--- Dataset records ---
--- START ---
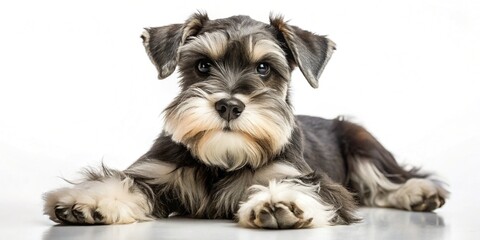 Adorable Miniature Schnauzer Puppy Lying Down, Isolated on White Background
--- END ---
--- START ---
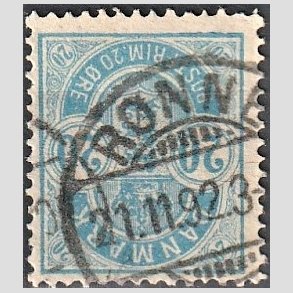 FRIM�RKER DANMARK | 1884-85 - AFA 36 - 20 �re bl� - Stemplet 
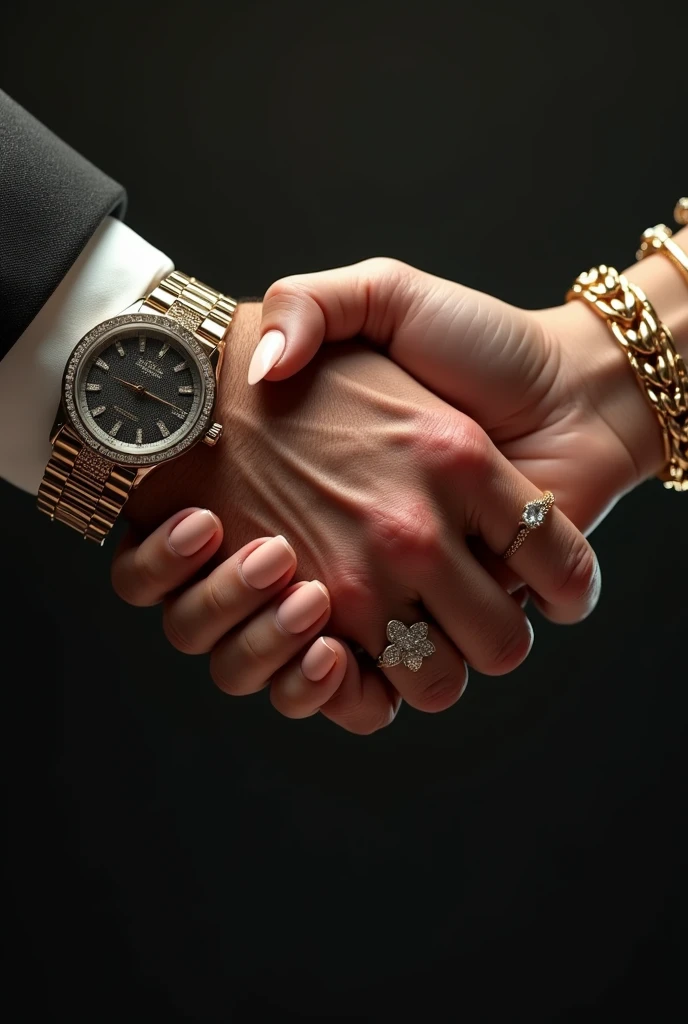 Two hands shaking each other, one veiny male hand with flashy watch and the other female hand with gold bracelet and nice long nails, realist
--- END ---
--- Activity ---
In the listing above, find the line containing "FRIM�RKER DANMARK |" and the line containing "Two hands shaking", then output those two lines and everything between them exactly as written, without the images.

--- Output ---
 FRIM�RKER DANMARK | 1884-85 - AFA 36 - 20 �re bl� - Stemplet 
 Two hands shaking each other, one veiny male hand with flashy watch and the other female hand with gold bracelet and nice long nails, realist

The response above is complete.